Progressives, who have a loud voice in the party these days, are arguing that Democrats should start all negotiations by proposing an even farther-reaching policy: a “Medicare-for-all,” single-payer type system.
“The point is, let’s fight for the ideal and if republicans want a deal, then we will deal with them from there, but we are not going to back ourselves into a corner,” Neil Sroka, Communications Director for Democracy for America, told ABC News in an interview this week.
He argued the “old way” that Democrats used to strike deals was by laying out a compromise position to start and letting Republicans “whittle that away to nothing.”“It is not our job to help Republicans get out of the mess they created for themselves ... Our job is to do something but we have to have another side that wants to negotiate with us,” he added. “Trump actually needs to start looking for ways he can agree with Democrats and so far we have not seen that.”
Not all Democrats believe that the party should advocate for such a sweeping reform like Medicare for all.
Neera Tanden, President of the Center for American Progress, said she was also skeptical that the White House was prepared to negotiate. “If you want to negotiate with Democrats, don’t send Steve Bannon to the Hill,” she said. The controversial Chief Strategist at the White House has been seen on the Hill in meetings several times in the last few weeks discussing health care reform.
Pelosi did send a letter to all House Democrats this week urging input and ideas for ways to improve the current health care system in the county.

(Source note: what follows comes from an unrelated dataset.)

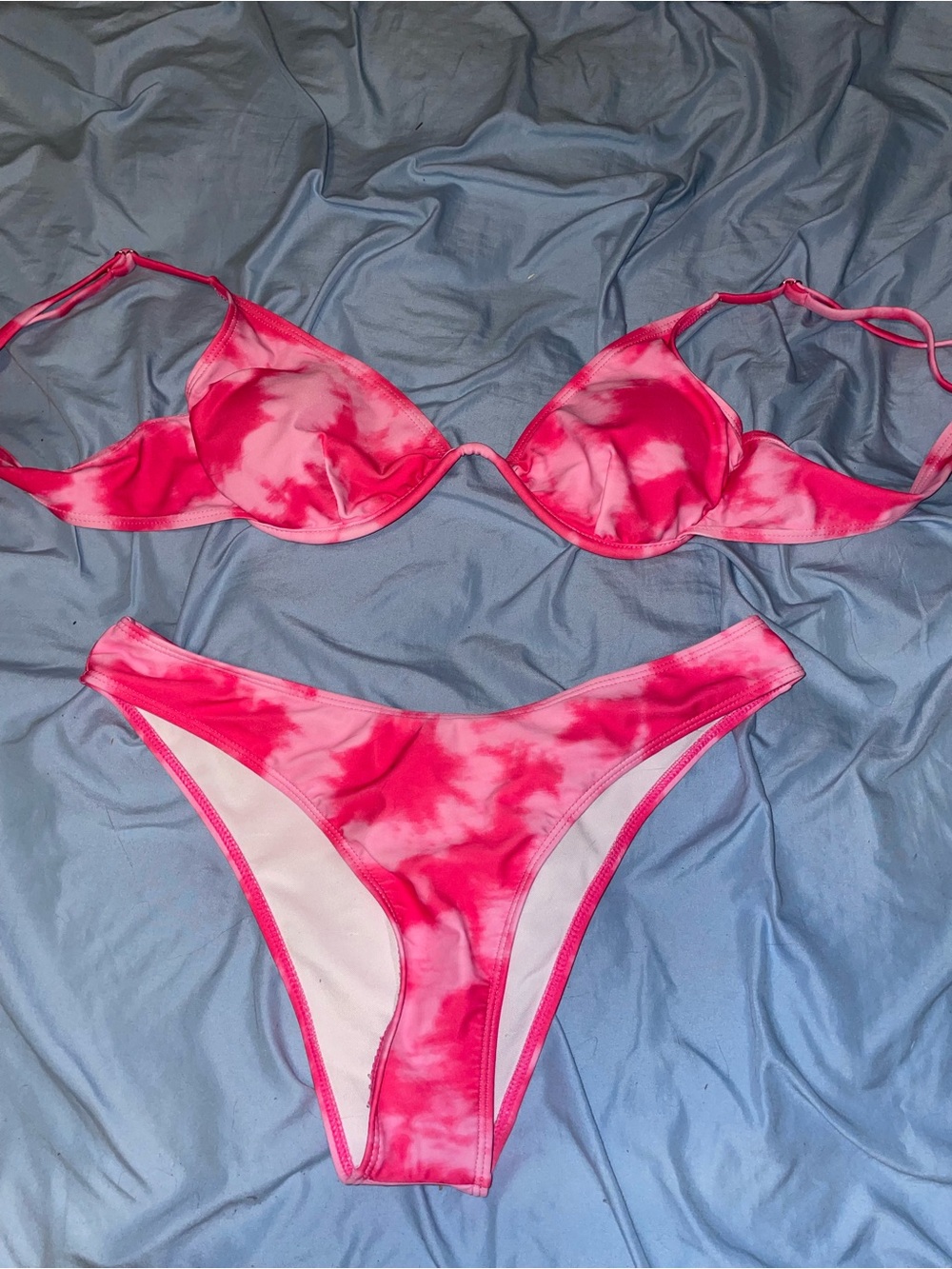 SHEIN Pink Tie-Dye Underwire Bikini Set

The letter was titled, "All Hands on Deck – A Call for Suggestions to Improve the Affordable Care Act."
More moderate House Democrats say they turned down an invitation to go to the White House to meet with a staffer on the issue. “With all due respect to the folks there, if that particular staffer wants to meet, come meet with the Blue Dogs here," Rep. Henry Cuellar, (D-Texas), a moderate leader of the Blue Dog Caucus, told ABC.
House Democratic Whip Steny Hoyer, (D-Maryland), said his members did not want to trek down Pennsylvania Avenue to “be a prop.” He said he had not heard from the White House yet.
“I think we were for the public option we passed the public option so that everybody will have availability of policy. Republicans have complained that there’s only one option in a lot of places so having a public option in a lot of places would be a good option,” he added.